Esta concepción netamente pictórica le lleva a concluir a partir de 2004 que la obra de arte no es sino un archivo de nuestra memoria y de nuestras vivencias . Así en la exposición que hizo en homenaje a Yves Klein en 2005 nos propuso que hiciésemos determinadas asociaciones psicológicas a través de las partes más abstractas que encontremos en la naturaleza . Una concepción que ha sido más explícita en los montajes que ha hecho desde 1996 con Maritatas en la Capilla del Oidor de Alcalá de Henares, donde nos ha ido mostrando los distintos puntos de vista que el término “ambigüedad” contempla, la numerosa conexiones que se pueden establecer entre la percepción y la realidad : Serenidad, en 1999, Donde habita la luz, en 2002, Infinitas, en 2005, el proyecto para el auditorio de IFEBA en Badajoz, en 2006, o la intervención en Entrepatios en 2008 en el edificio Pietro-Galeano nos demuestran cómo esas conexiones entrelazan la música, la caligrafía, las nuevas tecnologías para reflejar lo material y lo inmaterial, lo prescindible y lo imprescindible.

La noción de proceso, su combate particular contra la idea de “finitud”, la búsqueda incesante de lo esencial, el recurso de la memoria y la vivencia, la permanente actualización de sus composiciones… parecen confluir inexorablemente en De Blanco y oro. Un título taurino que da cabida a sus últimas creaciones con el objetivo de demostrarnos una vez más que sigue planteándose su trabajo como azar, como riesgo , siempre dentro de esos límites minimalistas que caracterizan a sus cuadros. Con este trabajo incide una vez más, al margen de su simbología relacionada con todo lo ascendente y de su significado alquímico o su vinculación con el mundo taurino, en la fisiología de la percepción, en esas construcciones estáticas y dinámicas del espacio: recurre a los recursos pictóricos, a la materia, al color y al gesto, a ese estar fuera de toda lógica para afrontar esta crisis del lenguaje en la que nos hallamos. Este trabajo va más allá del signo, nos muestra su transformación morfológica compuesta por trayectoria de fuerzas y divergencias.

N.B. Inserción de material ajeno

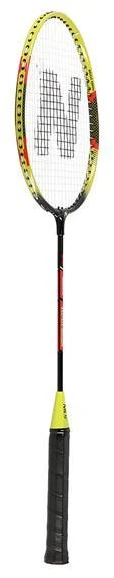 NRZ204 ALIUMINIO / BADMINTONO RINKINYS + NILS DANGAS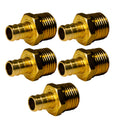 XFITTING 1/2" Pex B Male Adapter Lead Free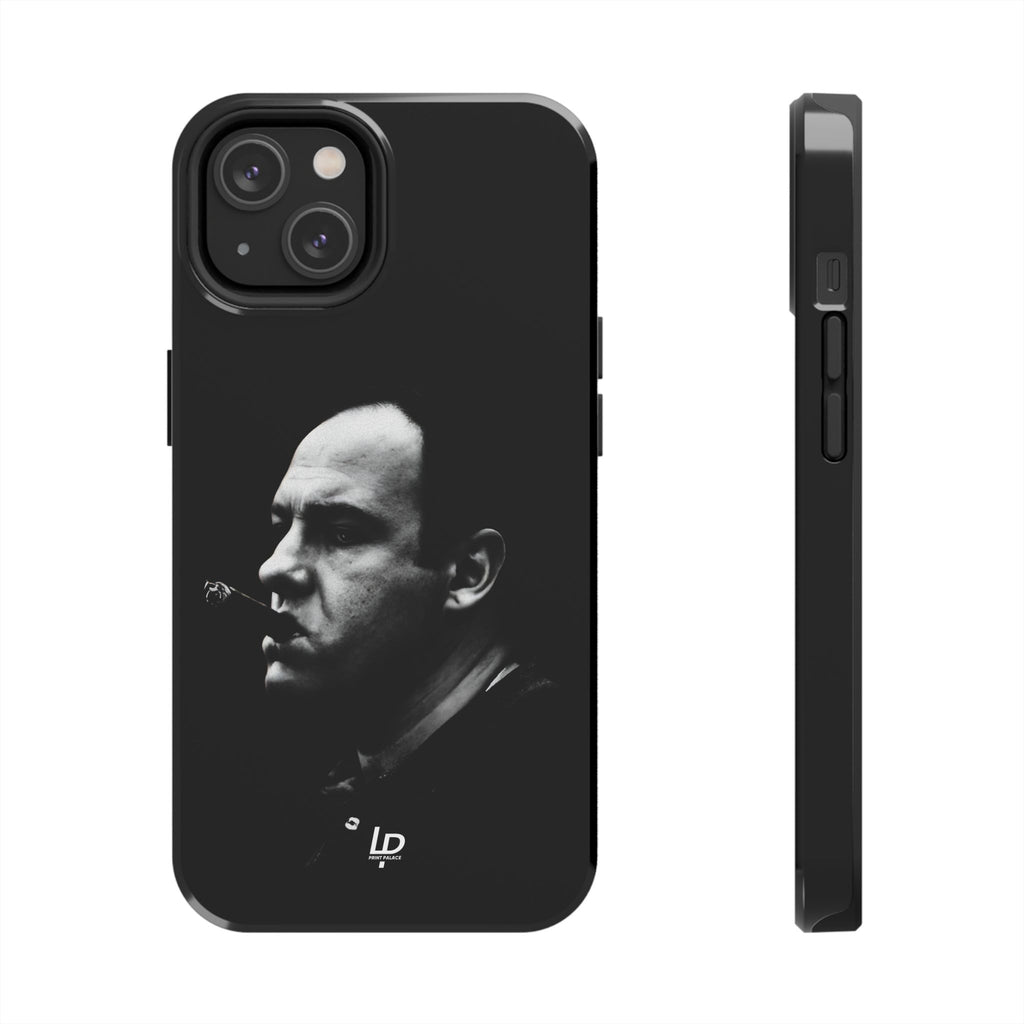 Tony Soprano "Black" iPhone Case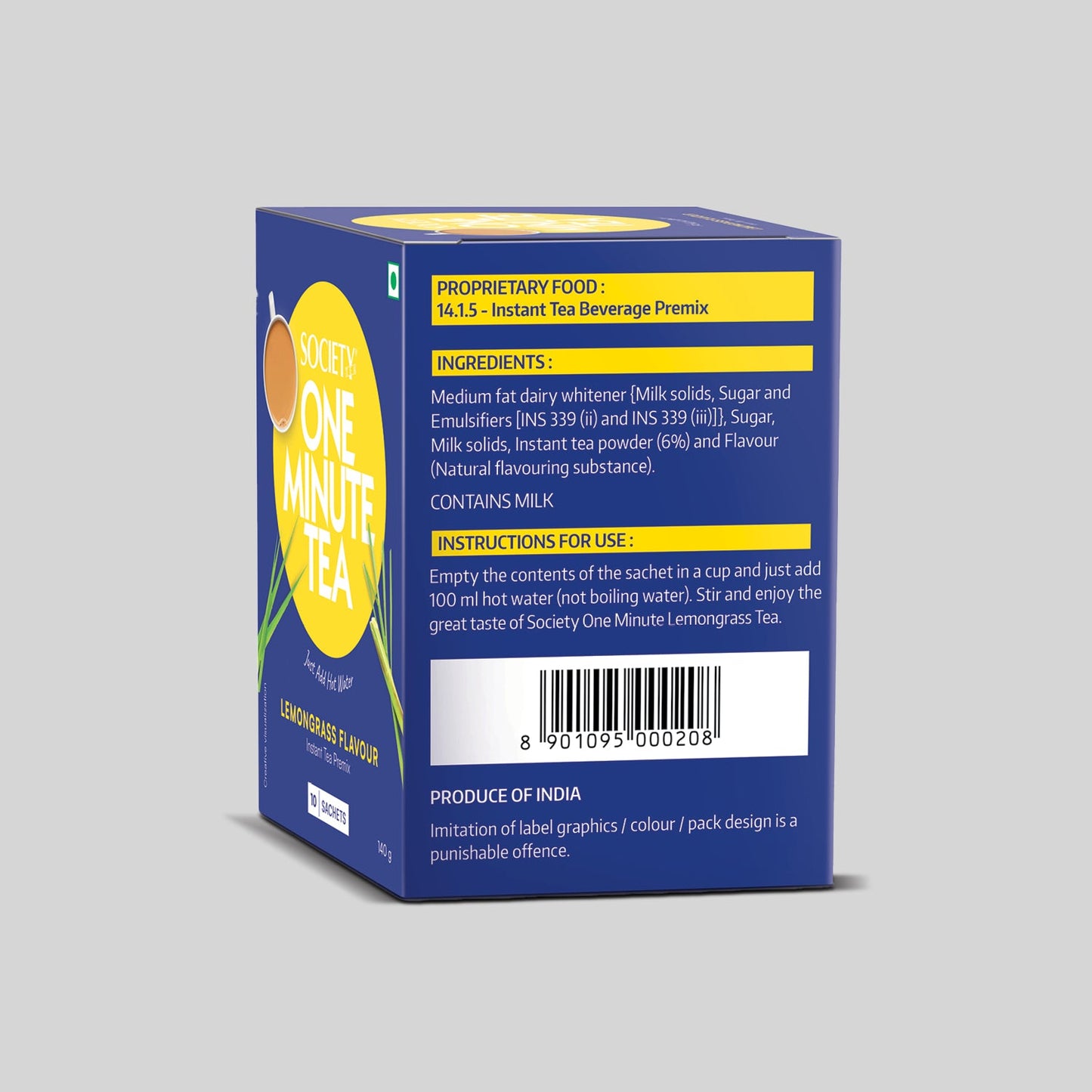OMT Lemongrass Premix - Pack of 2 140 g x 2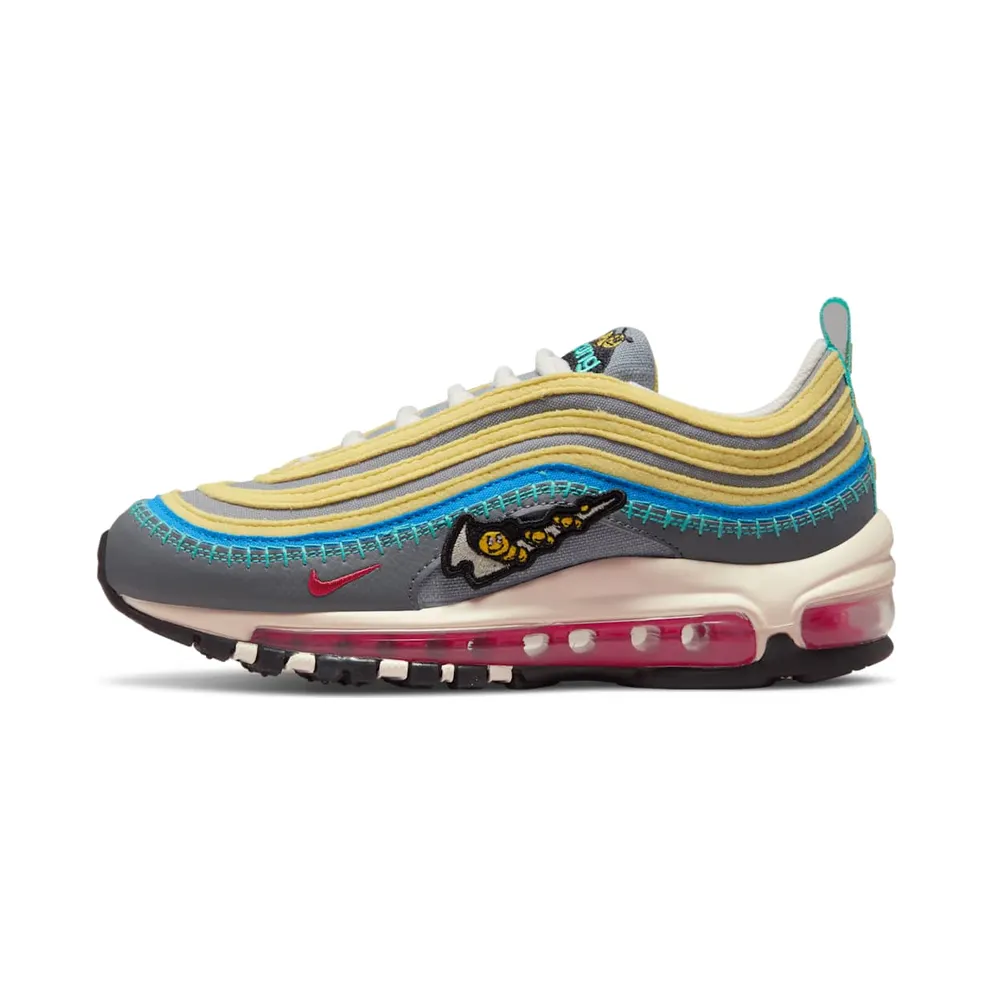 Nike Air Max 97 GS Sprung Grey Celery (DN4381-001)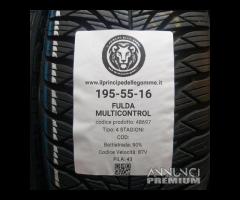 4 gomme 195 55 16 fulda a48697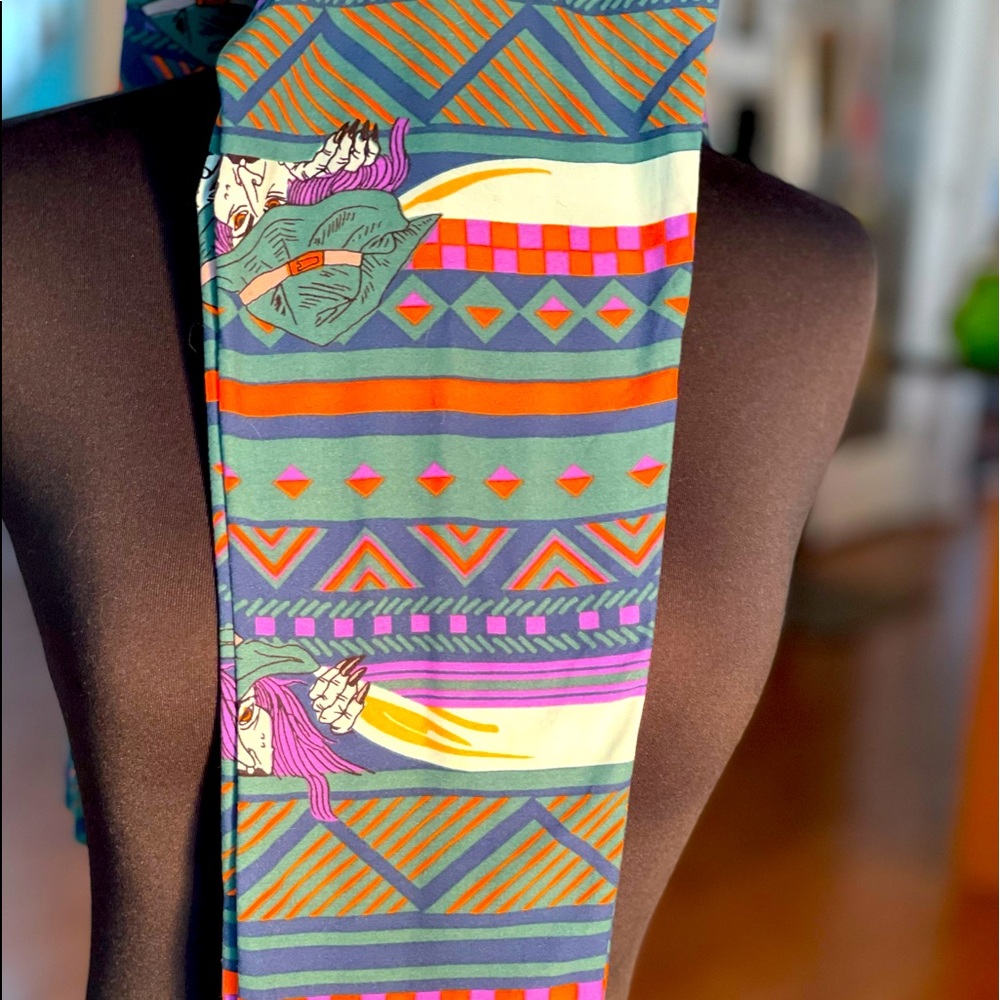 LulaRoe leggings size TC in Halloween print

Aunque el trazo es menos libre, parece menos intuitivo y más dirigido, pero está muy estructurado ayudando a entender la idea que Lourdes Murillo tiene del espacio y del entorno que rodea a cada elemento que constituye la obra: la interacción entre “objeto” y entorno determina en sus nuevas obras de nuevo el concepto de vacío, pero no como la nada sino como la esencia de las formas.

En este sentido, aunque sea de manera inconsciente, se acerca a determinadas teorías físicas contemporáneas sobre el movimiento y la energía, sobre los dinámico y lo transitorio, sobre la fuerza y la materia, entendidas como un todo y alejadas de aquella separación que propuso el atomismo griego. . Lourdes Murillo a través de reducir a secuencias y constantes sus propios recursos, se hace el firme propósito de examinar todas las posibilidades que nos ofrece una forma determinada. Con la reducción de medios y de vocabulario los cuadros son esencialmente conceptuales, una cuestión nada novedosa en ella, pero en este caso al estructurar y desestructurar sus propias tramas nos deja al descubierto todo el proceso que lo ha generado. Y a ello añade la importancia del color, entendido al igual que Georges Vantongerloo como “el corazón de la pintura” porque en él se intuye la luz y además da paso a la forma determinando el que la estructura formal se vuelva cromática con el fin de constituir una “suite” de permutaciones, progresiones y variaciones. Deslizamientos que transmiten un movimiento en el espacio del interior al exterior o al contrario.

Espacio y luz o viceversa, blanco y oro, son los componentes a los que Lourdes Murillo recurre para sacar a la pintura de su agotamiento. Echa mano de variables que se encarnan en la línea, el movimiento y, en consecuencia, en el tiempo para establecer una lógica del descubrimiento que nos conduce a reconocer el valor intrínseco de un lenguaje que parece estar perdido.